In vitro fermentation of sulfated polysaccharides from E. prolifera and L. japonica by human fecal microbiota
Qing Kong*, Shiyuan Dong, Jian Gao, Chaoyu Jiang
School of Food Science and Engineering, Ocean University of China, Shandong 266003, China
Running title: in vitro fermentation of sulfated polysaccharides
To whom all correspondence should be addressed: Dr. Qing Kong School of Food Science and Engineering Ocean University of China Qingdao, Shandong 266003, China Tel: +86-532-8203-1851 Fax: +86-532-8203-2272 Email: [email protected]
1
ABSTRACT In
vitro
fermentation of the
sulfated polysaccharides
from seaweeds
Enteromorpha prolifera and Laminaria japonica and their prebiotic effects on human fecal microbiota were investigated in this study.
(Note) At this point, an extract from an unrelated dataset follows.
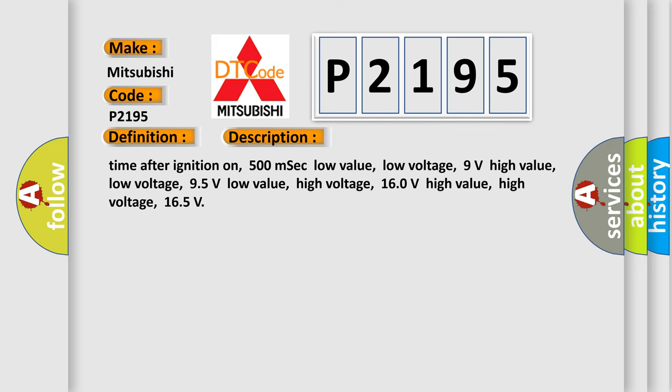Time after ignition on: 500 milliseconds. Low value low voltage: 9 volts. High value low voltage: 95 volts. Low value high voltage: 160 volts. High value high voltage: 165 volts.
The sulfated polysaccharides were fermented in vitro for 48 h by human fecal cultures. When 0.8 g MWCOL (polysaccharides MWCO<30 kD) from L. japonica was fermented, the pH in fecal cultures decreased from 6.5 to 5.1 and the levels of short chain fatty acids, such as acetic, butyric and lactic acids all significantly increased. After 48 h fermentation, 0.8 g MWCOL showed good effect on modulating the gut microflora balance, because the beneficial strains (Lactobacillus and Bifidobacterium) were both significantly higher than those in control group (p<0.05). As far as we know, this is the first report that consumption of sulfated polysaccharides from E. prolifera and L. japonica is beneficial to the ecosystem of the intestinal tract by increasing the populations of probiotics and short chain fatty acids. Furthermore, our reports indicated that molecular weight of sulfated polysaccharide from marine algae is related to its prebiotic effects.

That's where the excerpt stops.